YOUR GOAL: Repeat every record exactly, but omit the images.

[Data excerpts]
::::

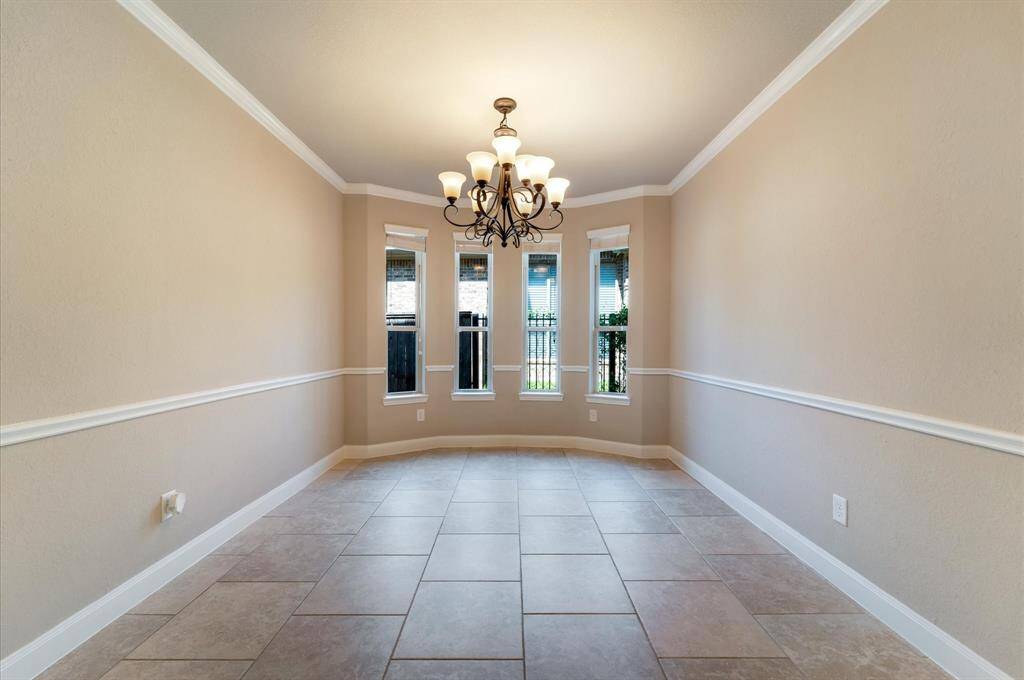 This inviting dining room features neutral walls with elegant crown molding and a classic chandelier. The windows provide ample natural light, and the tiled floor adds a modern touch, making it perfect for a dining area or formal sitting room.
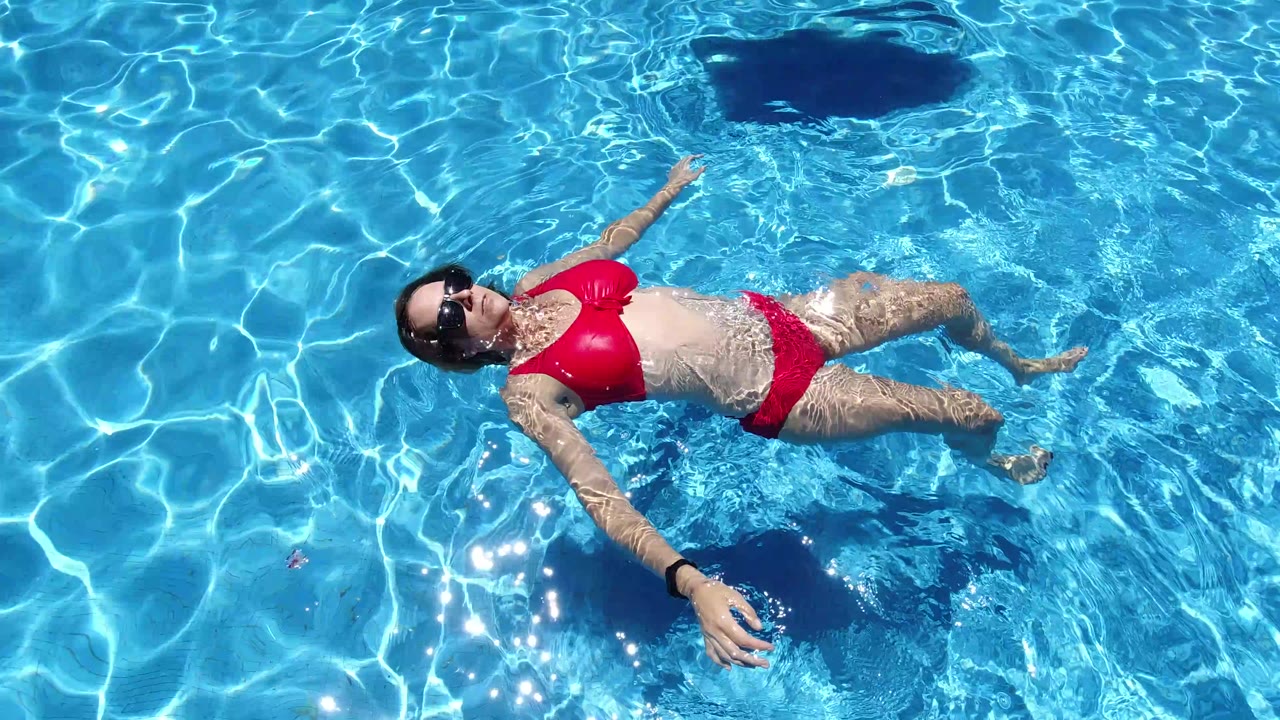 Overhead frame from Los Cabos, Mexico showing an adult woman in a red bikini and sunglasses floating on her back in clear blue pool water near a dark pool feature.
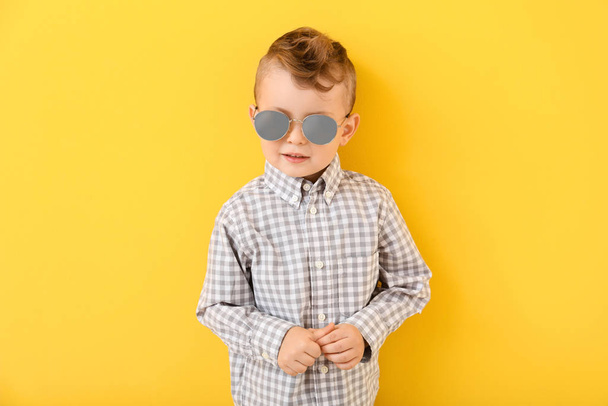 Portrait of stylish little boy on color background - Foto, Imagem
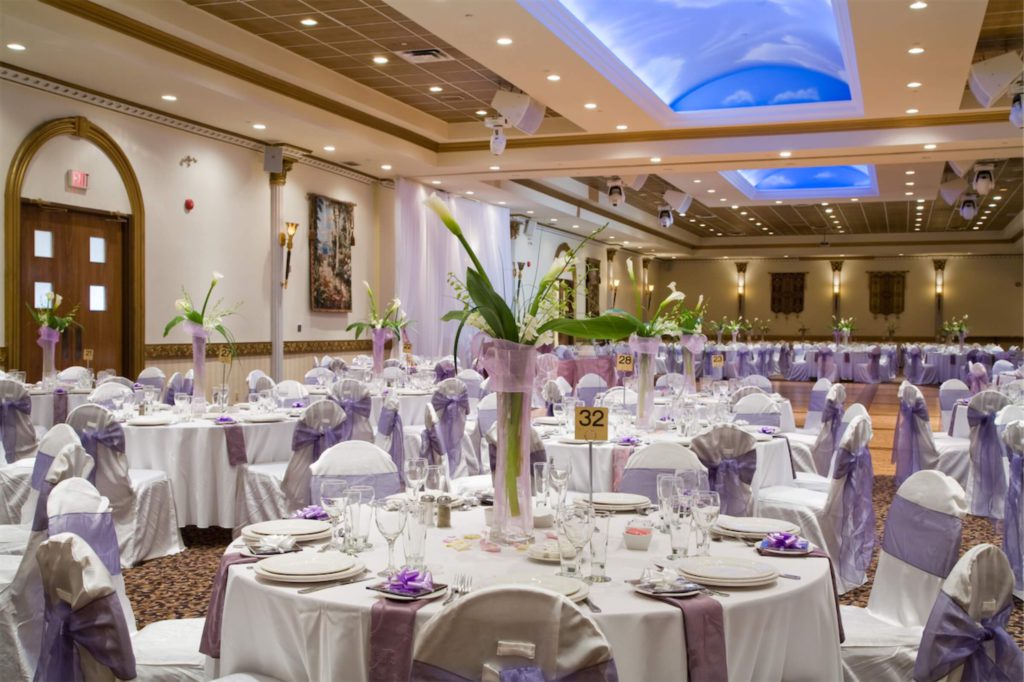 A hotel ballroom with a wedding banquet setting, which can be funded by a personal loan in Singapore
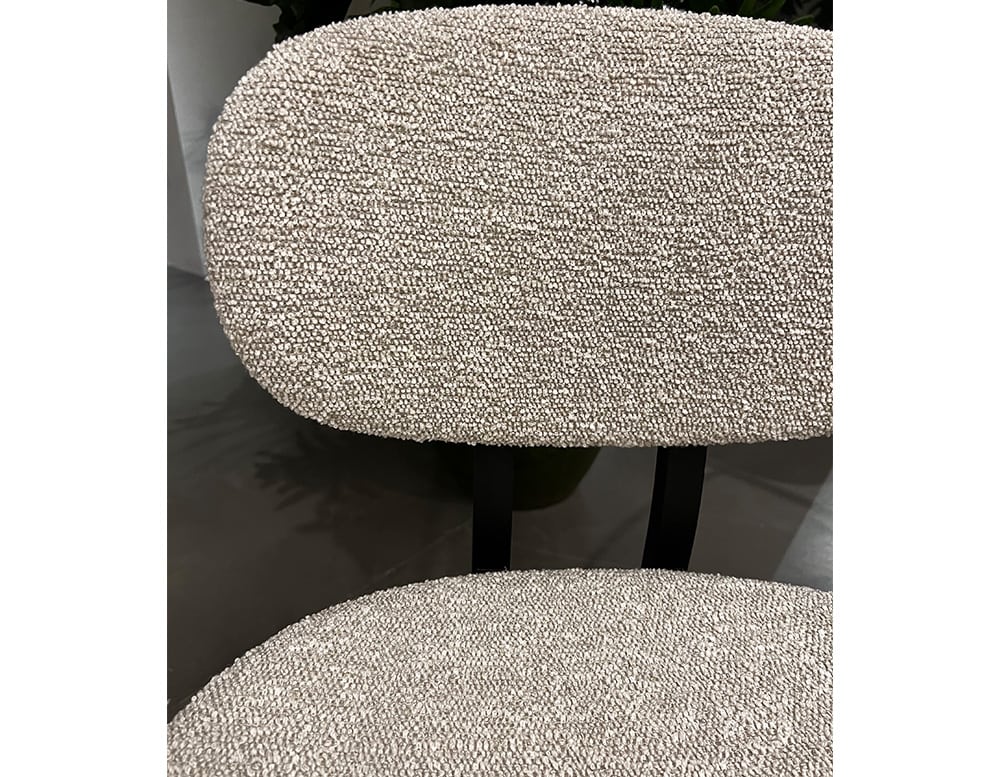 chair upholstered with white fabric and finishes with a shiny texture.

::::

SOLUTION TO THIS PROBLEM:
 This inviting dining room features neutral walls with elegant crown molding and a classic chandelier. The windows provide ample natural light, and the tiled floor adds a modern touch, making it perfect for a dining area or formal sitting room.
 Overhead frame from Los Cabos, Mexico showing an adult woman in a red bikini and sunglasses floating on her back in clear blue pool water near a dark pool feature.
 Portrait of stylish little boy on color background - Foto, Imagem
 A hotel ballroom with a wedding banquet setting, which can be funded by a personal loan in Singapore
 chair upholstered with white fabric and finishes with a shiny texture.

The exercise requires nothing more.